> What is required:
Each entry below is to be reproduced exactly, though any pictures it holds must be omitted.

****

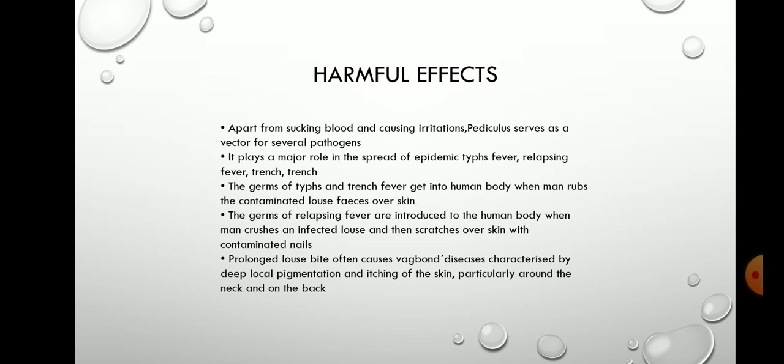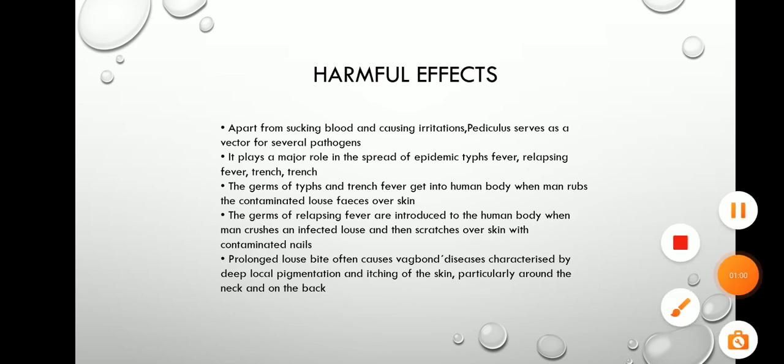The germs of relapsing fever are introduced to the human body when a person crushes an infected louse and then scratches the skin with contaminated nails. Prolonged louse infestation often causes vagabond's disease, characterized by depigmentation and itching of the skin, particularly around the neck and on the back.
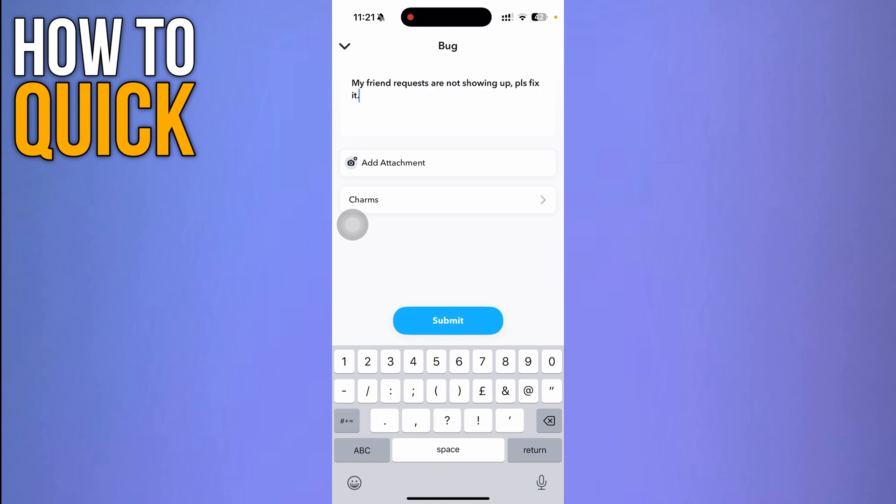Then click Submit over here and it's going to fix your issue. Thanks for watching.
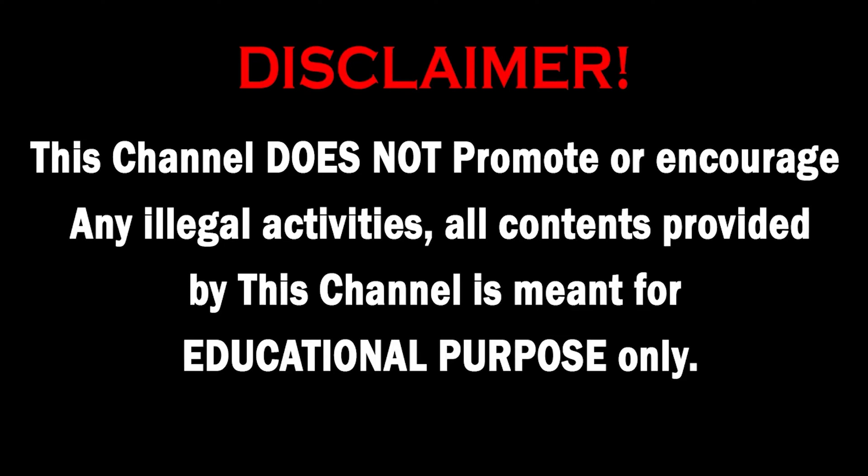This channel does not promote or encourage any illegal activities. All contents provided by this channel are meant for educational purposes. So hello guys, welcome back to the video. In this video we'll be taking a look at why we need to stop using Shodan and use Zoomeye.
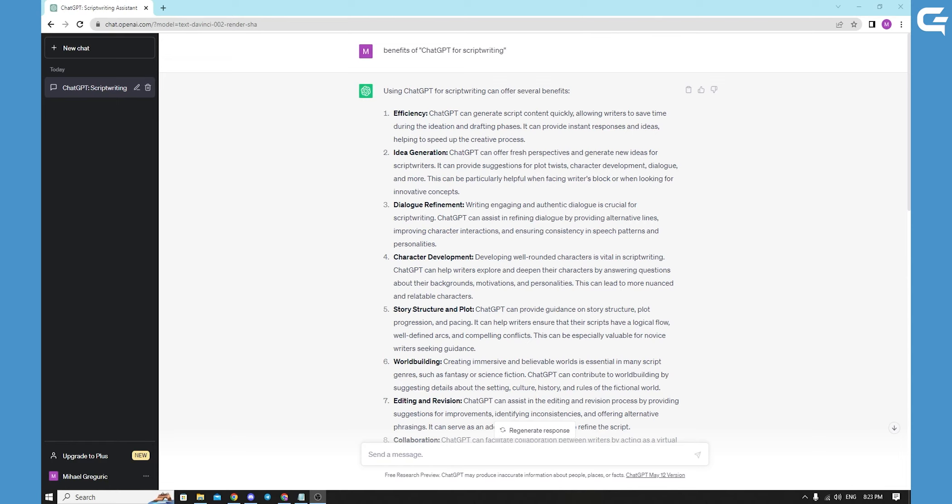The second one, brainstorming and feedback. ChatGPT acts like a collaboration partner during the script writing process. Writers can discuss their ideas, seek feedback and refine their concepts by conversing with the model. This dynamic exchange offers troves of suggestions, fuels creativity and allows writers to shape their narrative effectively.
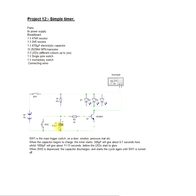Now if you change the value of that capacitor there, like I've got here, it says to 1000uF, it would extend the delay period before the lights start to glow.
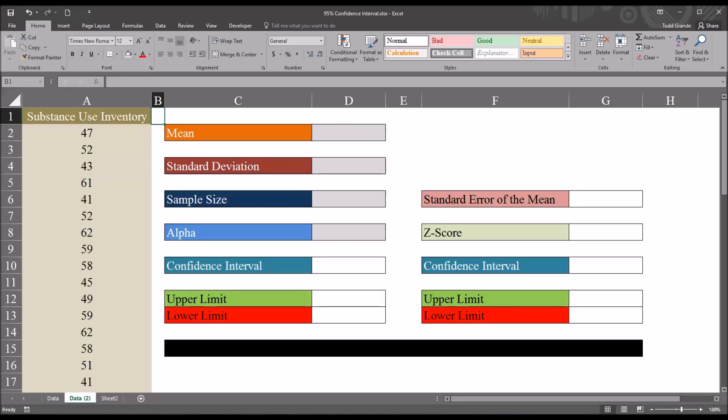Hello, this is Dr. Grande. Welcome to my video on calculating the 95% confidence interval using Microsoft Excel. I'll be demonstrating two methods of calculating the confidence interval: one is the confidence.norm function in Excel, and the other is by calculating the standard error of the mean and the z-score that matches the 95% confidence interval, so an alpha of 0.05. You can also use this to calculate any percent confidence interval, not just the 95%.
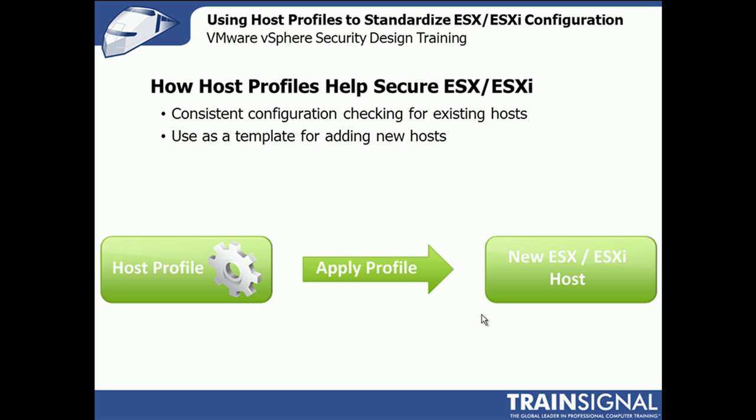We can also use it as a template for adding new hosts. So as we add new hosts into a cluster, we can use a host profile to help with the implementation of that host, and ensure that whatever the existing ESX or ESXi hosts in the clusters have for their configuration settings, that ESX or ESXi host will also have those same settings.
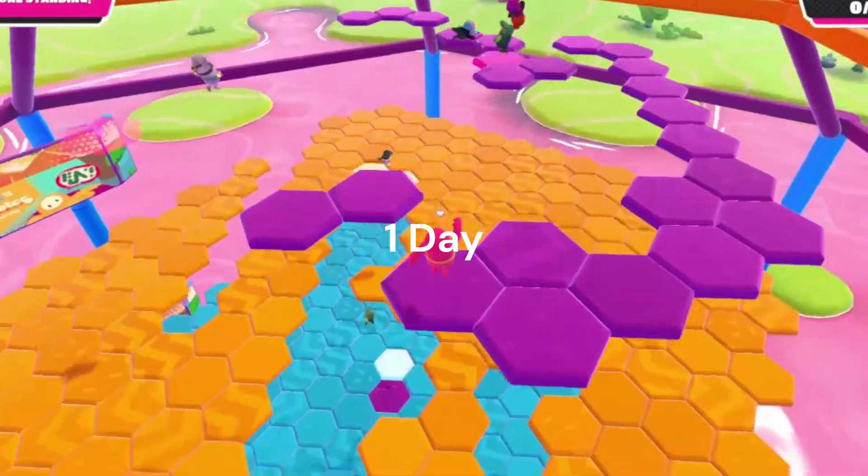I'm going to be making the same Scratch game three times: one minute, one hour, and one day.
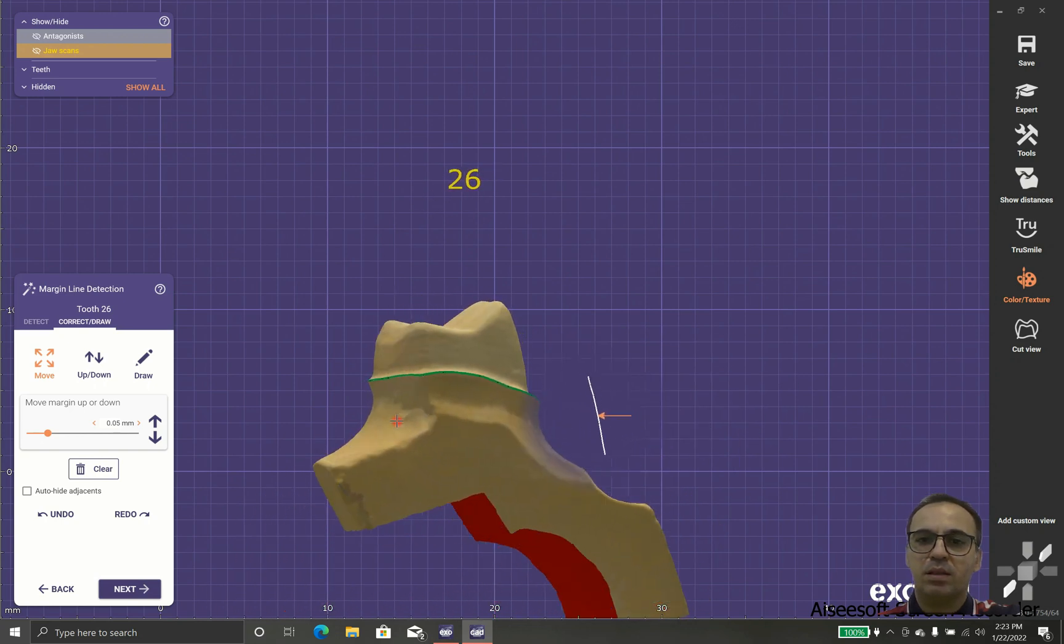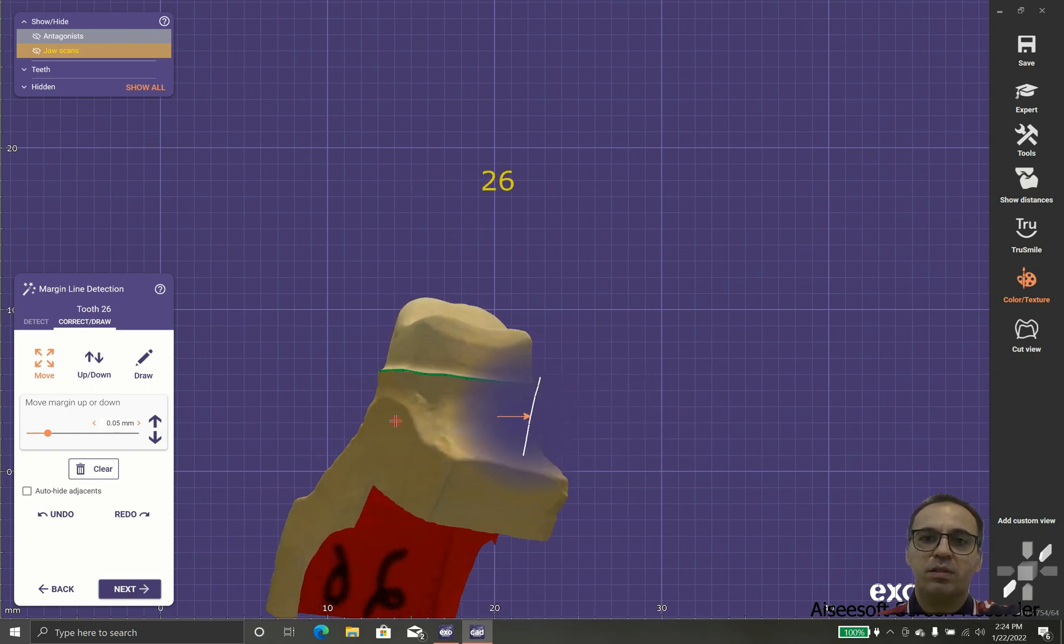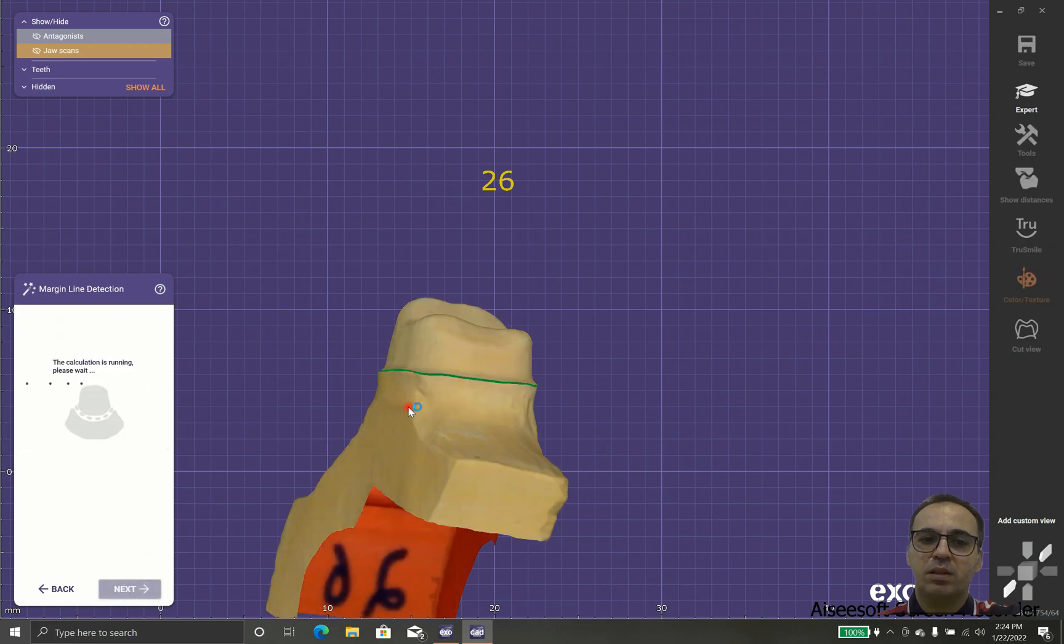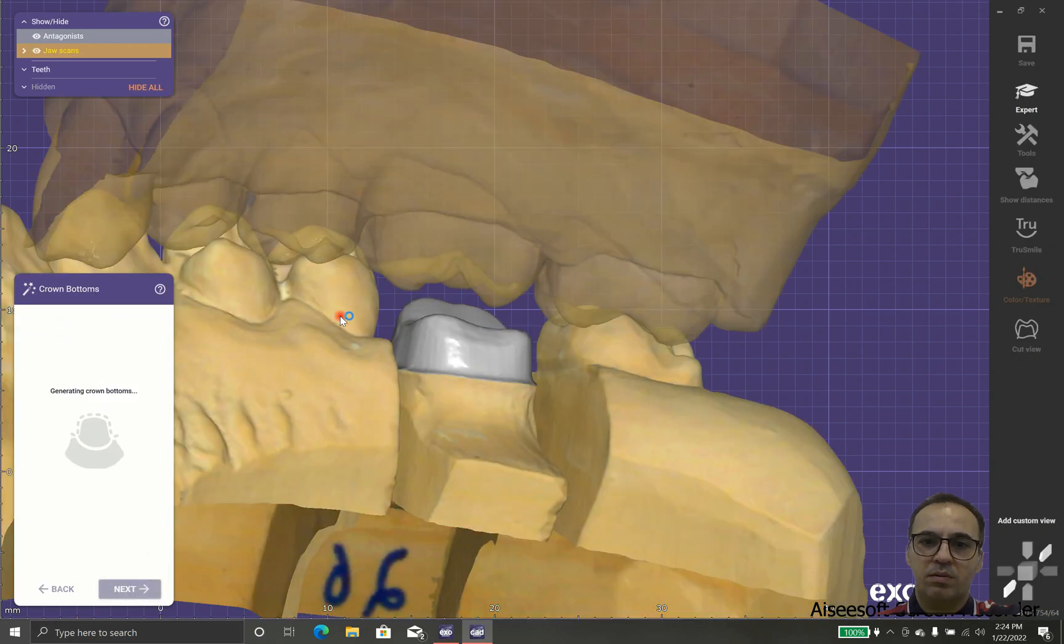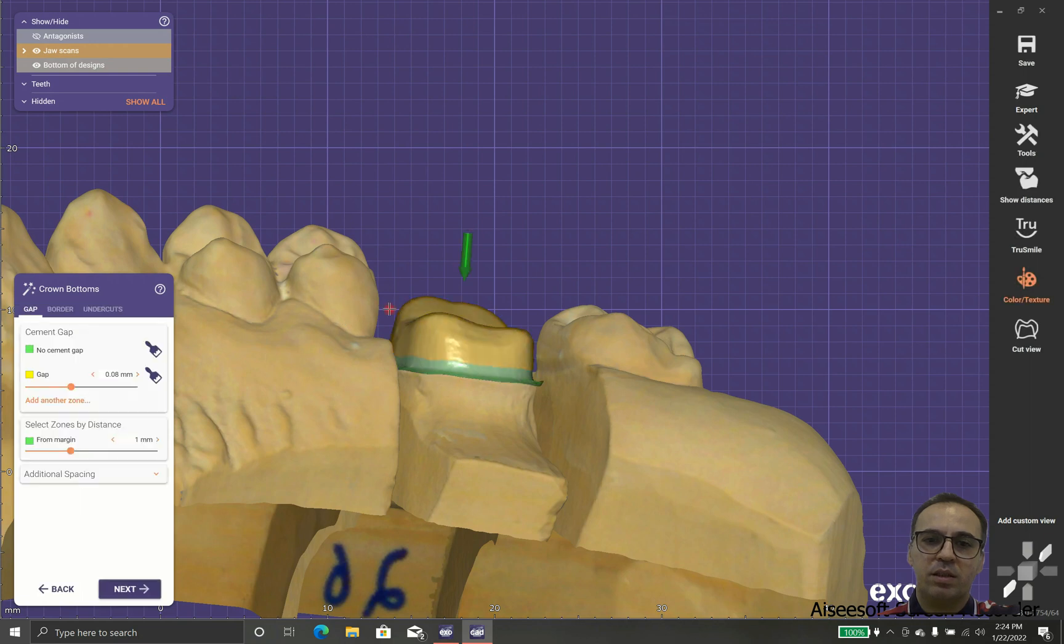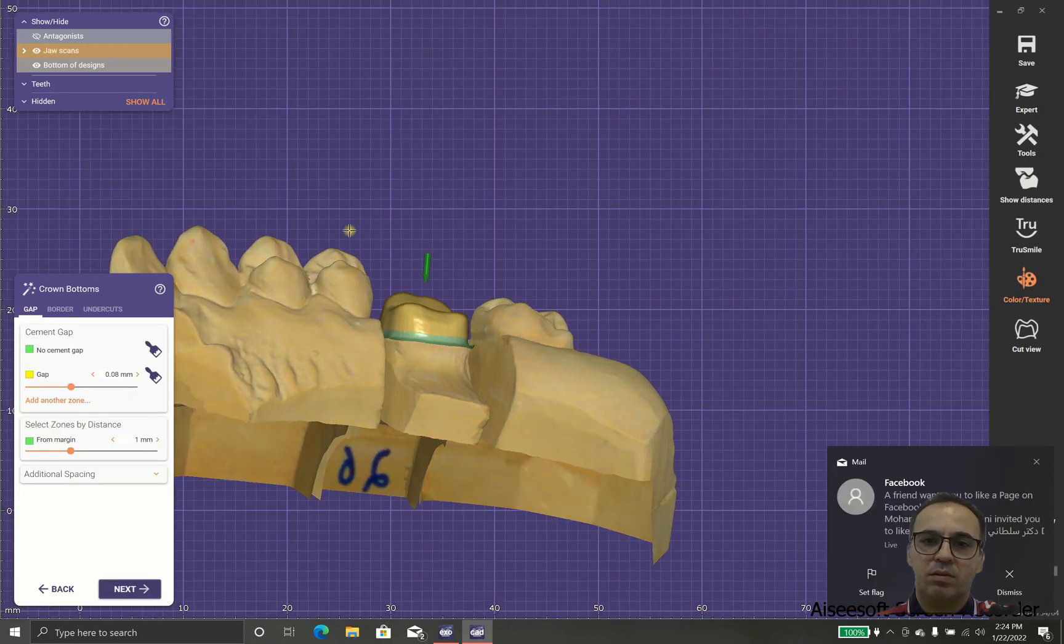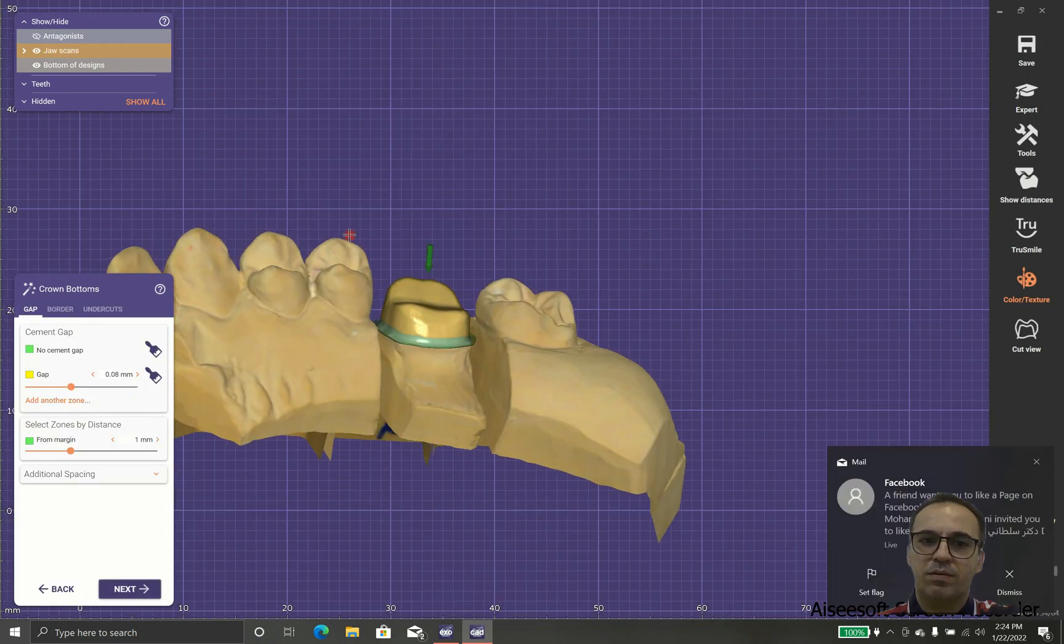So when we finished and we are happy with the margin, we check it again and we will be sure that everything is fine.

****

> Task result:
The germs of relapsing fever are introduced to the human body when a person crushes an infected louse and then scratches the skin with contaminated nails. Prolonged louse infestation often causes vagabond's disease, characterized by depigmentation and itching of the skin, particularly around the neck and on the back.
Then click Submit over here and it's going to fix your issue. Thanks for watching.
This channel does not promote or encourage any illegal activities. All contents provided by this channel are meant for educational purposes. So hello guys, welcome back to the video. In this video we'll be taking a look at why we need to stop using Shodan and use Zoomeye.
The second one, brainstorming and feedback. ChatGPT acts like a collaboration partner during the script writing process. Writers can discuss their ideas, seek feedback and refine their concepts by conversing with the model. This dynamic exchange offers troves of suggestions, fuels creativity and allows writers to shape their narrative effectively.
Now if you change the value of that capacitor there, like I've got here, it says to 1000uF, it would extend the delay period before the lights start to glow.
Hello, this is Dr. Grande. Welcome to my video on calculating the 95% confidence interval using Microsoft Excel. I'll be demonstrating two methods of calculating the confidence interval: one is the confidence.norm function in Excel, and the other is by calculating the standard error of the mean and the z-score that matches the 95% confidence interval, so an alpha of 0.05. You can also use this to calculate any percent confidence interval, not just the 95%.
We can also use it as a template for adding new hosts. So as we add new hosts into a cluster, we can use a host profile to help with the implementation of that host, and ensure that whatever the existing ESX or ESXi hosts in the clusters have for their configuration settings, that ESX or ESXi host will also have those same settings.
I'm going to be making the same Scratch game three times: one minute, one hour, and one day.
So when we finished and we are happy with the margin, we check it again and we will be sure that everything is fine.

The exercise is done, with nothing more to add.